Problem to work on - Nothing but an exact copy is asked for: the lines in the material below from the one with "怎么用马克笔表现材质和光影" through the one with "scottayres twitter promote image", pictures excluded.

Raw data -
++++++++
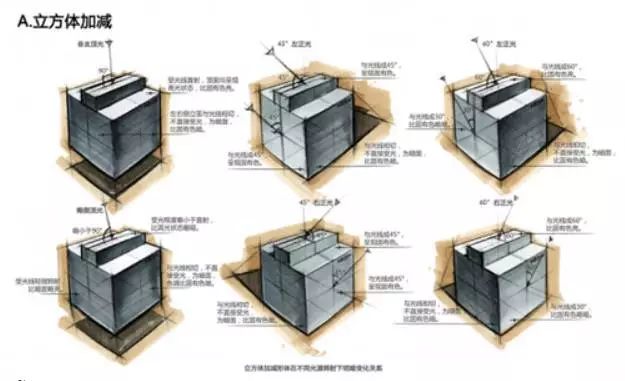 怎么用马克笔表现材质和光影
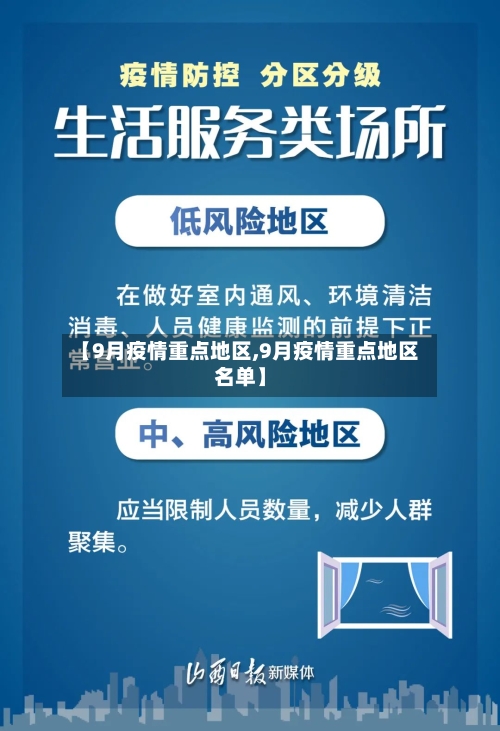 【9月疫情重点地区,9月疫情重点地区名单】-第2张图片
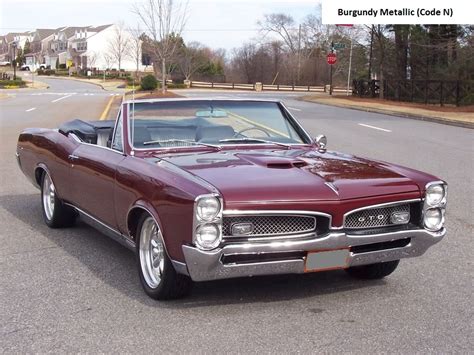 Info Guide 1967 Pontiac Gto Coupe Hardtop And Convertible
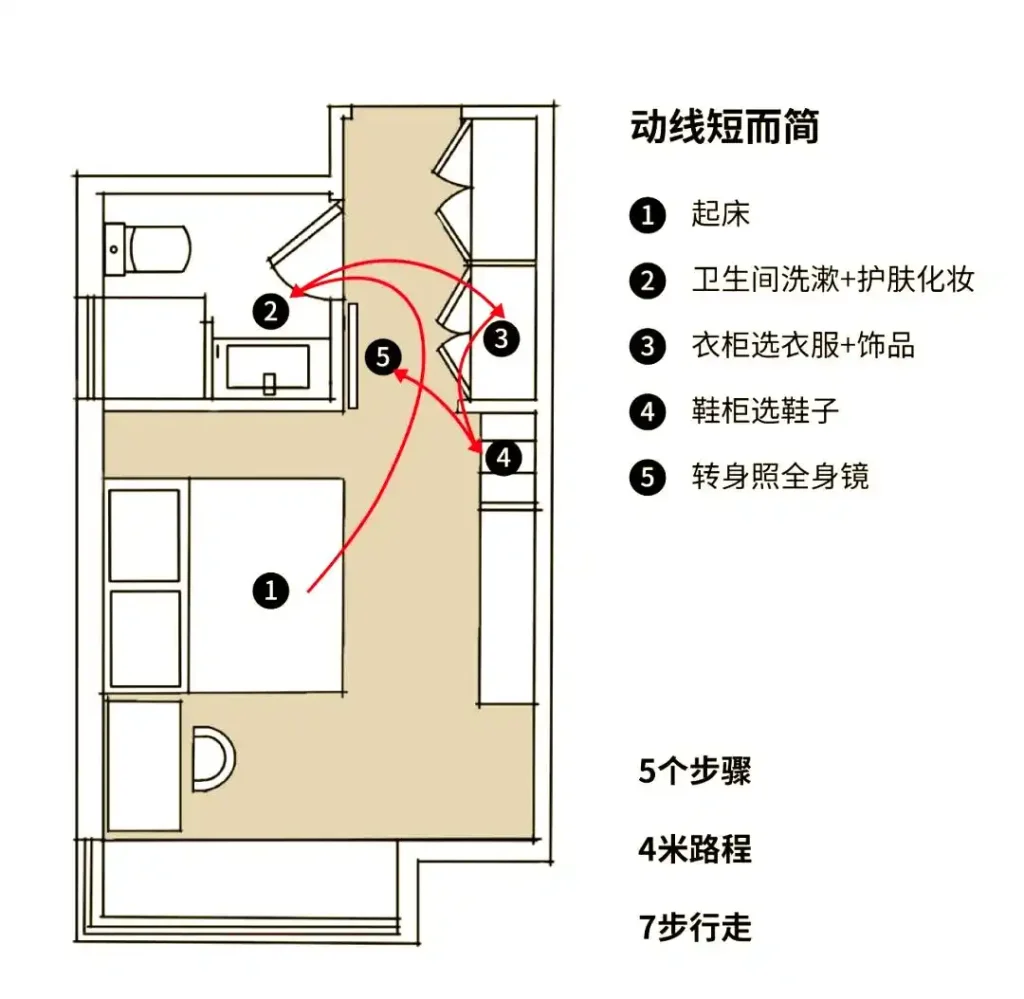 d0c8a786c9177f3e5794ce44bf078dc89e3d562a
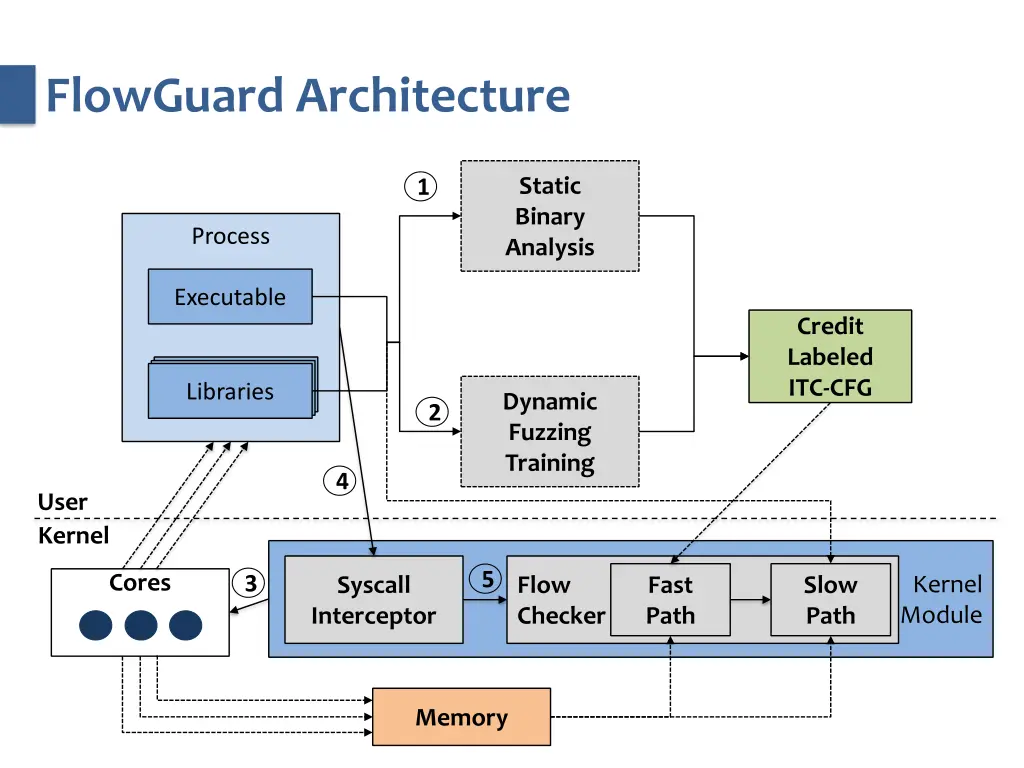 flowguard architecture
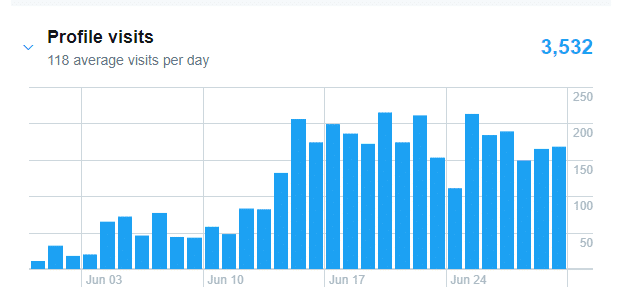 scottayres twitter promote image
++++++++
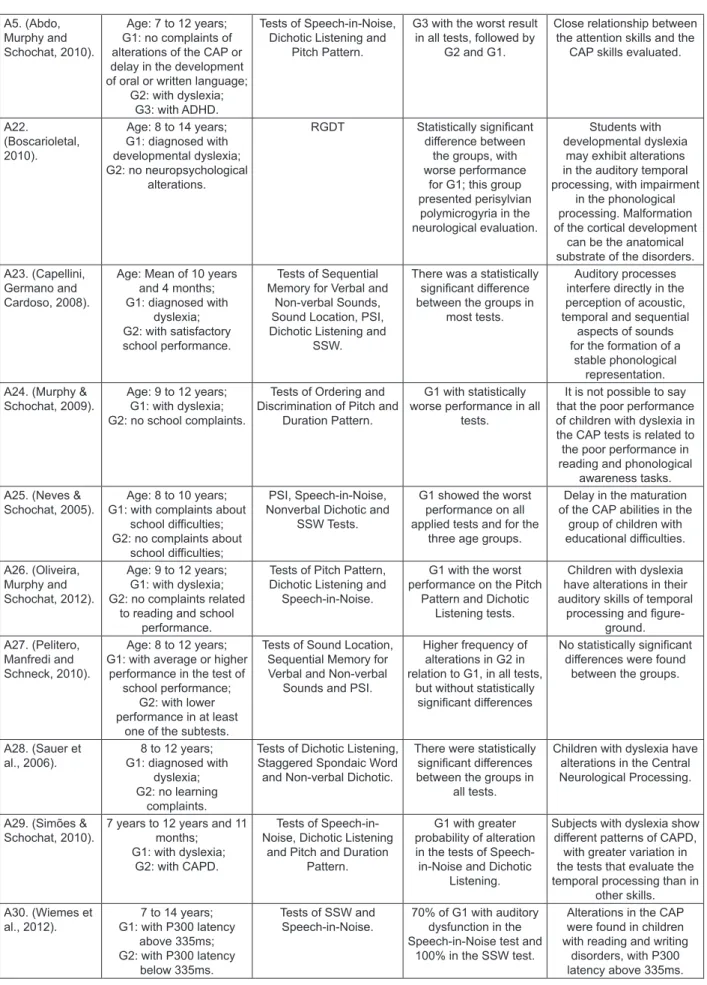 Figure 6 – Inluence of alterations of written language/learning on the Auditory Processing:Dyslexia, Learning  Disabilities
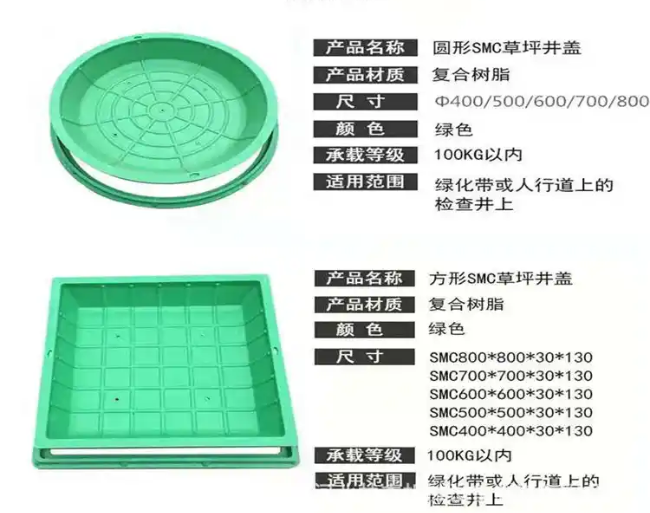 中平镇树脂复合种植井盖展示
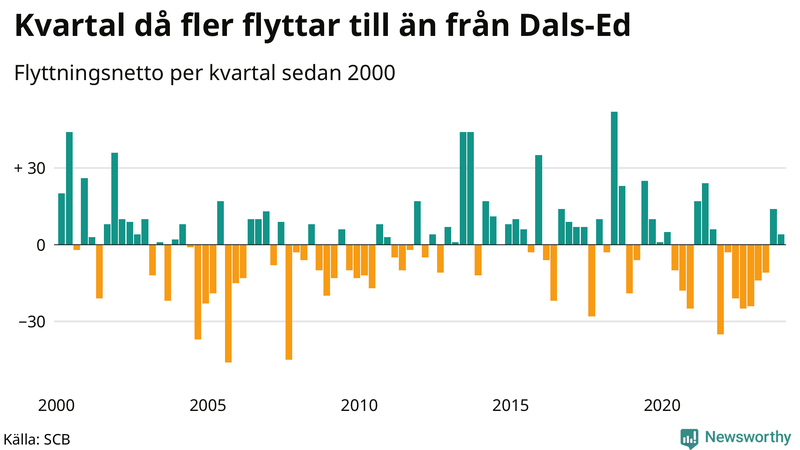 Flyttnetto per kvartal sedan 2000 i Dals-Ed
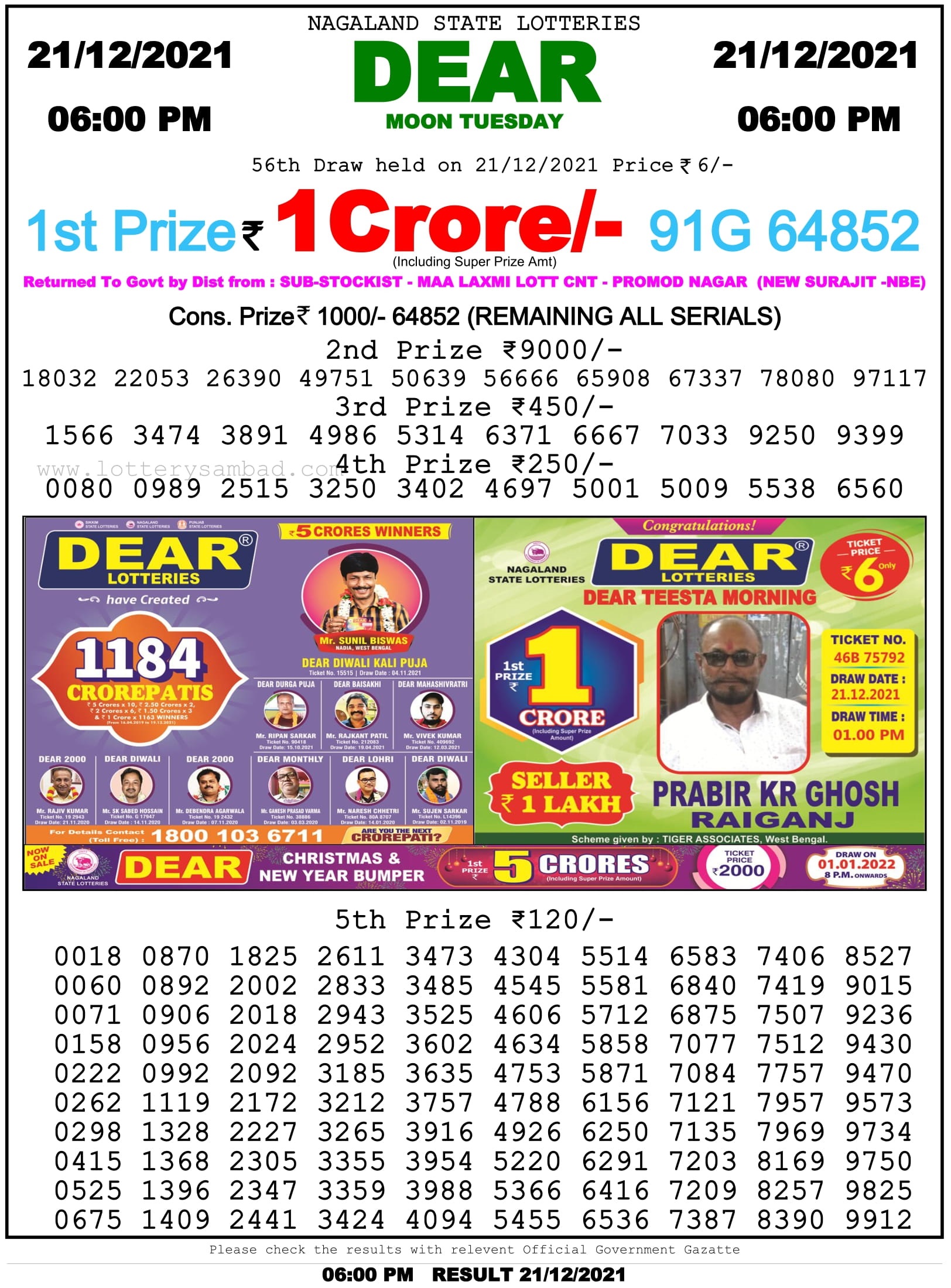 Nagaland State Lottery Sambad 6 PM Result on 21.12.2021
++++++++
Exercise response -
 怎么用马克笔表现材质和光影
 【9月疫情重点地区,9月疫情重点地区名单】-第2张图片
 Info Guide 1967 Pontiac Gto Coupe Hardtop And Convertible
 d0c8a786c9177f3e5794ce44bf078dc89e3d562a
 flowguard architecture
 scottayres twitter promote image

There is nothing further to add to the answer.